>>

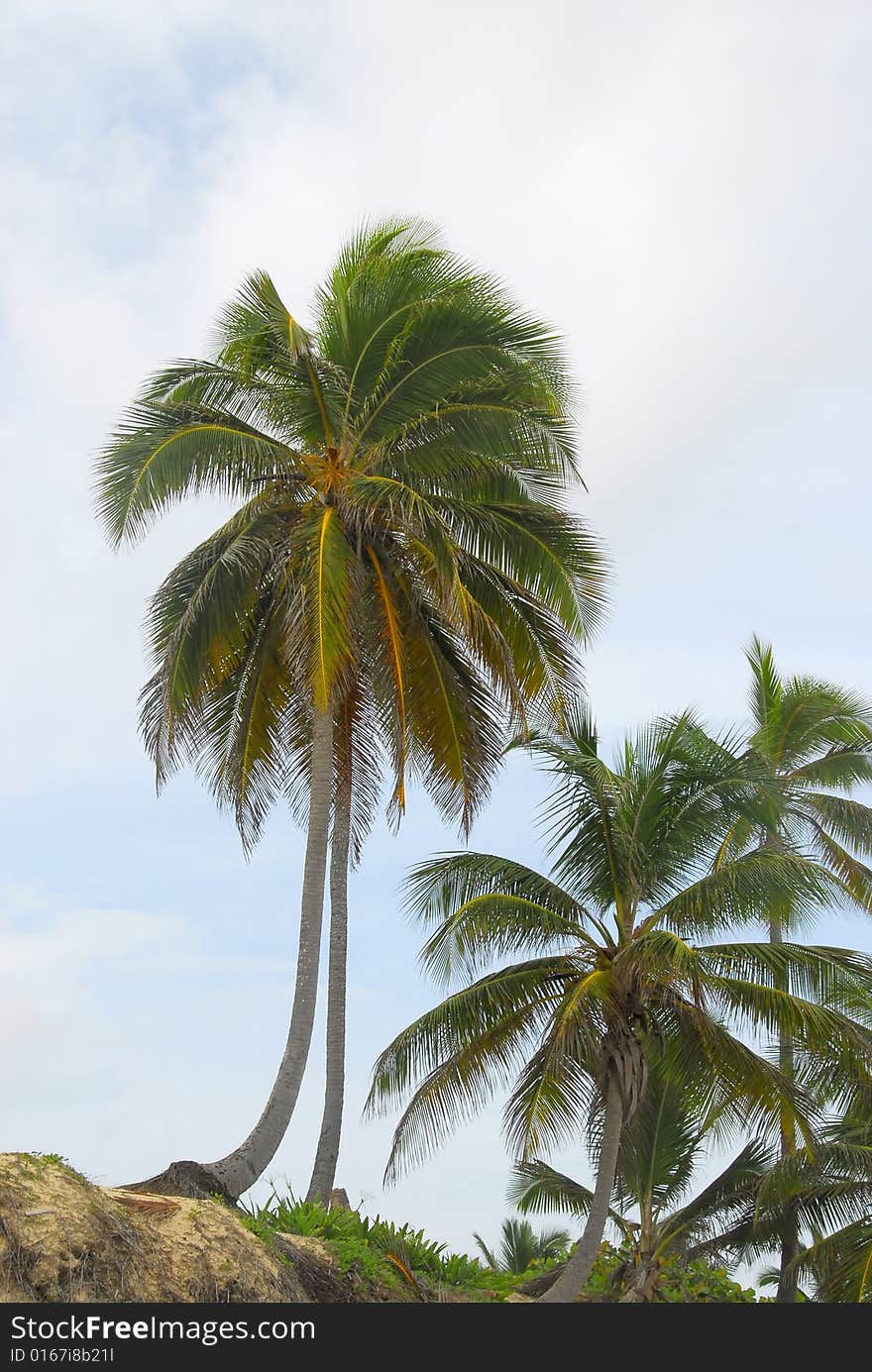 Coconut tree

<<
>>

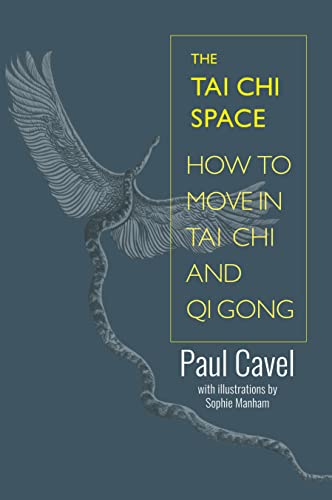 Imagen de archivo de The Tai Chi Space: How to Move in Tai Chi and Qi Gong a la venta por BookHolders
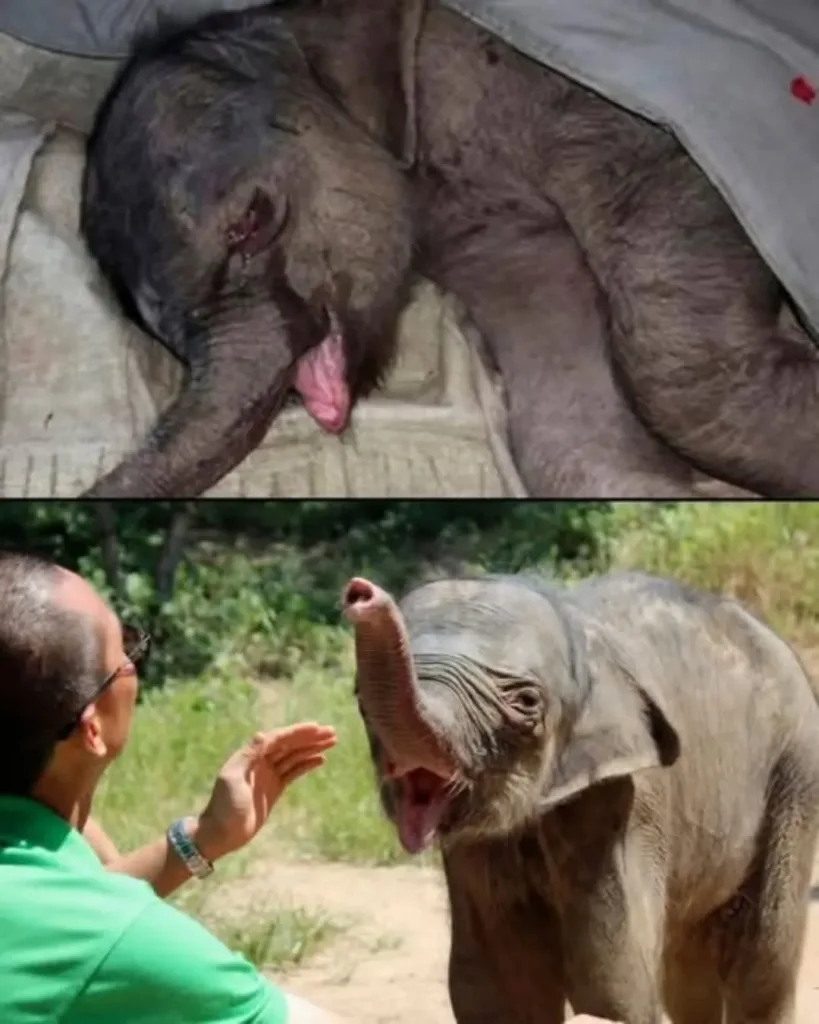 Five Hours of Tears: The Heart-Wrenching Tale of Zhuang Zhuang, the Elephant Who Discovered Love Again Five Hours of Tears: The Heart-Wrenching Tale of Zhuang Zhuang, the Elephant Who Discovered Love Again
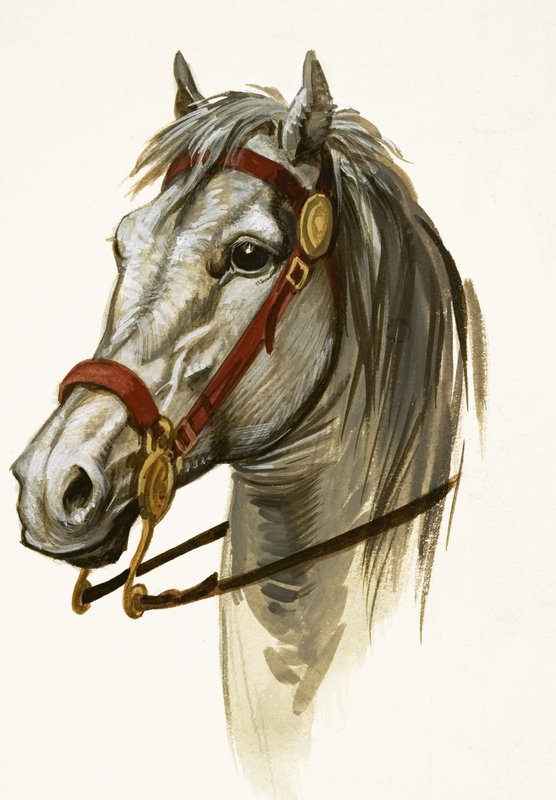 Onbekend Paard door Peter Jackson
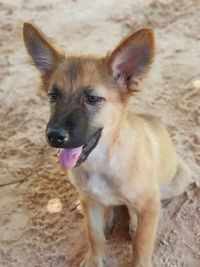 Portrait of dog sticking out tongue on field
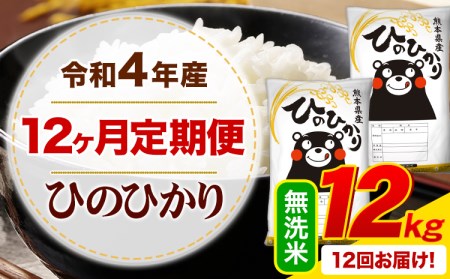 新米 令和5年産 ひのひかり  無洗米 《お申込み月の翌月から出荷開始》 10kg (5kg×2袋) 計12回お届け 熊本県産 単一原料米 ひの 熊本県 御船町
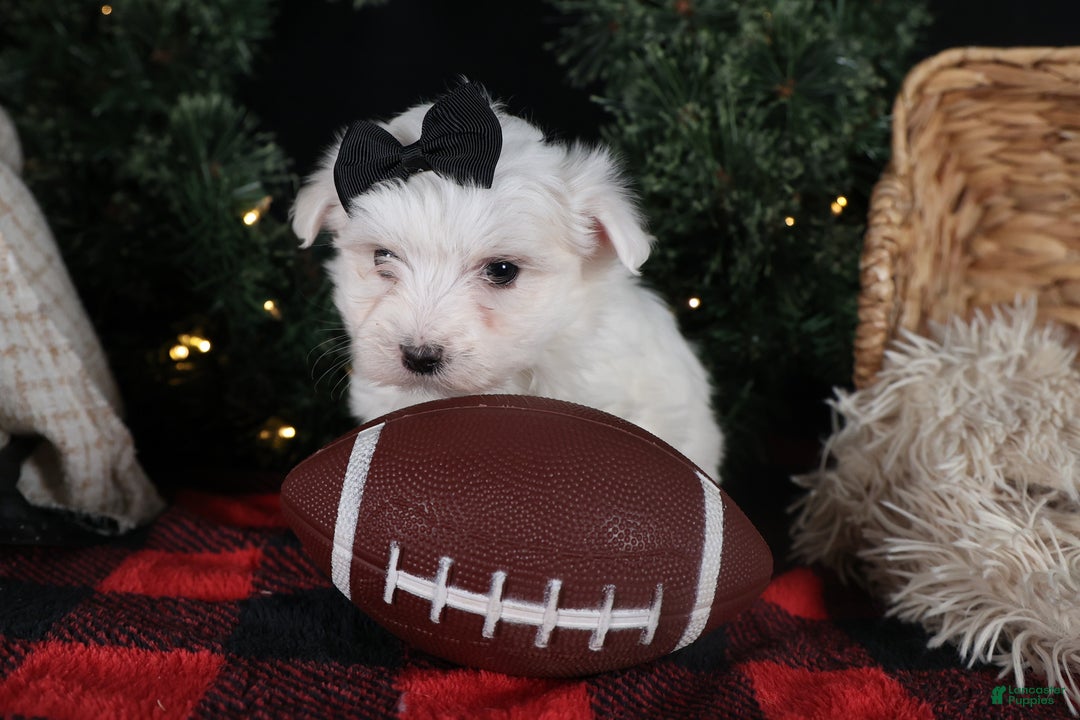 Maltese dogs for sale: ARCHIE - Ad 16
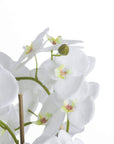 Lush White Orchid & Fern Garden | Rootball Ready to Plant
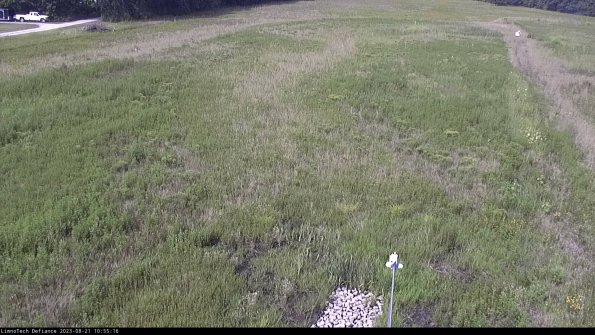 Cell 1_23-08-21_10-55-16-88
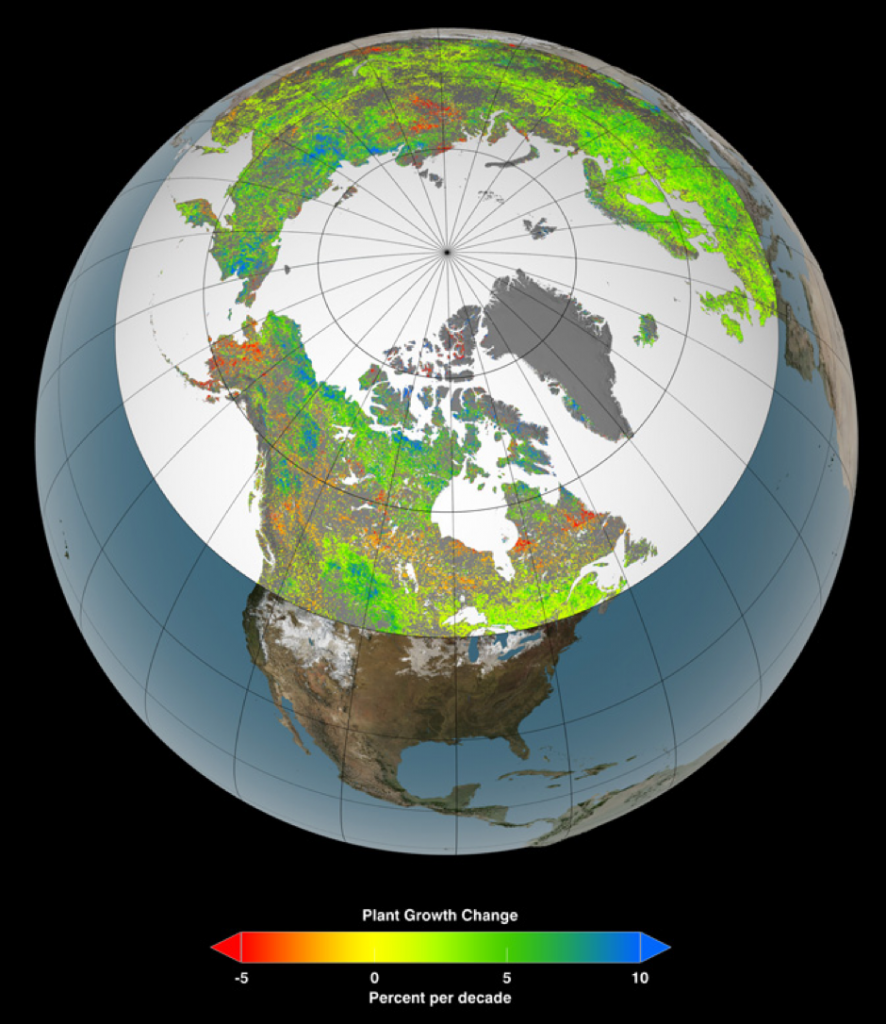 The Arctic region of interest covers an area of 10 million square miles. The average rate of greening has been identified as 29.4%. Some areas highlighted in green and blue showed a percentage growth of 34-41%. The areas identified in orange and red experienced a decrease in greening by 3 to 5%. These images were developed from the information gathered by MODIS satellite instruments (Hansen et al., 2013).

<<
>>

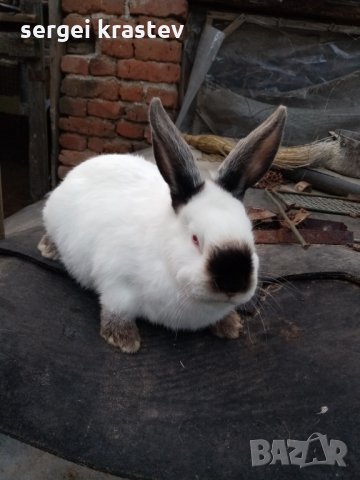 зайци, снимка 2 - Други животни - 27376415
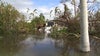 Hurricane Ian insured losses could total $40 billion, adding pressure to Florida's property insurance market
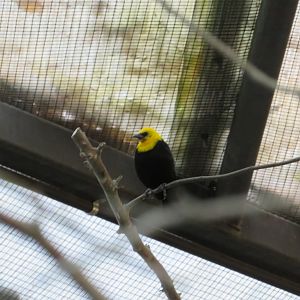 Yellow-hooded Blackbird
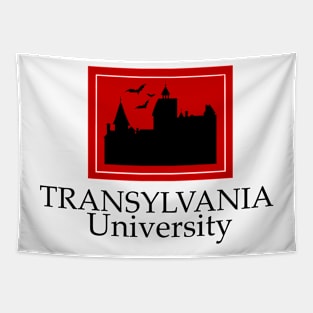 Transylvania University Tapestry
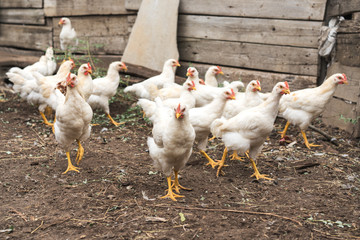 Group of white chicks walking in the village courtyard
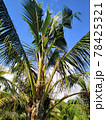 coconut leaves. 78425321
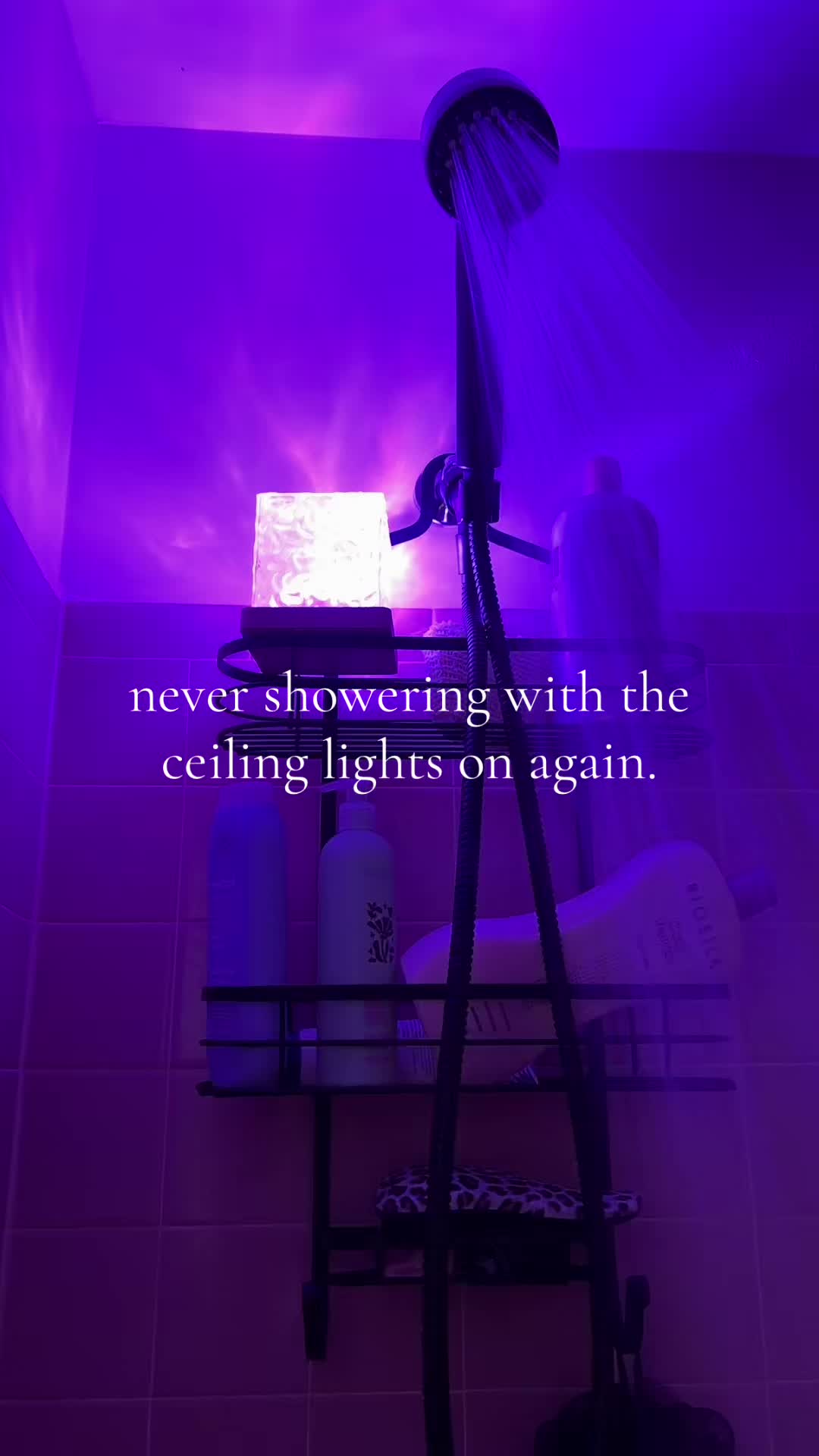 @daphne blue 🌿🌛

<<

Of the records above, print only the lines from the one containing "Imagen de archivo" through the one containing "新米 令和5年産 ひのひかり", inclusive and unaltered, leaving out pictures.

 Imagen de archivo de The Tai Chi Space: How to Move in Tai Chi and Qi Gong a la venta por BookHolders
 Five Hours of Tears: The Heart-Wrenching Tale of Zhuang Zhuang, the Elephant Who Discovered Love Again Five Hours of Tears: The Heart-Wrenching Tale of Zhuang Zhuang, the Elephant Who Discovered Love Again
 Onbekend Paard door Peter Jackson
 Portrait of dog sticking out tongue on field
 新米 令和5年産 ひのひかり  無洗米 《お申込み月の翌月から出荷開始》 10kg (5kg×2袋) 計12回お届け 熊本県産 単一原料米 ひの 熊本県 御船町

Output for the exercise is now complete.